お犬様とその僕たち

 このところ雨続きで3日も走っていない。日中を家で過ごす間、ルーシーの目がうつろになってきたような気がする。今日は幸いにも晴れた。夕方だけでも走らせようと、いつもの公園に行ったところ、芝生の広場には砂が盛られていた上に、その砂が雨水をたっぷりと含んで、足を踏み入れるたびにジュクジュクした感触が伝わる。うーん、イヤな予感。
 そんな状態でも、他のワンちゃんや飼い主さんも集まっていた。やはり皆さん、自分のワンちゃんが可哀想になって連れてこられたのだろう。ルーシーのような乱暴者はいないけれど、それでも家に閉じこもっていたら、それなりにストレスがたまるようだ。

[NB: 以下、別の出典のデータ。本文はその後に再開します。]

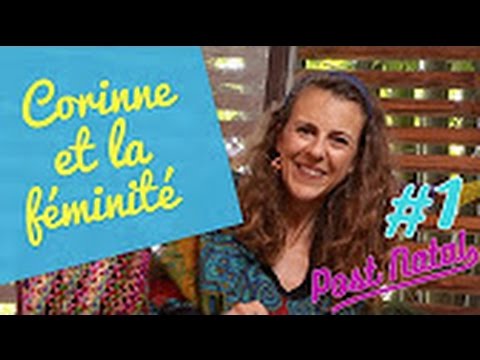 CORINNE ET LA FÉMINITÉ – Post Natal – La maison des maternelles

 ルーシーも、他のワンちゃんの姿を見て、ジタバタと足を動かして「走りたい」と訴える。しょうがないので、短時間だけでもとリードを離したところ、いつも以上に短い足を動かして走り回っていた。白かった足は砂で色が変わっている。Tシャツのお腹側はドロドロに汚れてしまった。顔にまで砂粒がついている。しかし、口が耳まで裂けるほど大笑いしていた。よほど嬉しかったのだろう。

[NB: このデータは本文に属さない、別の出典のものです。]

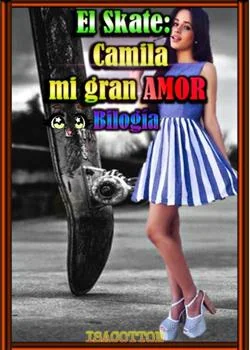 Portada de la novela El skate: Camila mi gran amor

 確実に体が汚れるのが分かっていながら、犬のストレス解消につきあうか?これを考えるとき、普通の飼い主さんの頭によぎるのは、シャンプーやドライヤーなどの帰宅後の作業だろう。しかしルーシーの場合は、それ以外にもある。
 ストレスを発散させなかった場合、どうも排泄がおかしくなる。特に冬は便秘気味になることが多い。もよおした素振りを見せて何度か構えてみるものの「やっぱ違うわ」と立ち上がってしまうのだ。この現象は、いつものコース以外を散歩させた場合にも起こるから、必ずしも運動量だけの問題ではなさそうだが、一回リズムが狂うと夜中にもよおしたりすることもある。そして通常のリズムに戻すのが、なかなか難しい。
 この公園に足を向けてしまったということは、その時点で、ある程度ルーシーの体が汚れる覚悟ができていたからかもしれない。来てしまった自分が悪いのだと、あきらめざるをえない。
 しかし飼い主さんの中には「今日の昼にお風呂に入れたばっかりなのに」と口では嘆きながら、自らボールを投げている方もおられた。みんな愛されているのねぇー。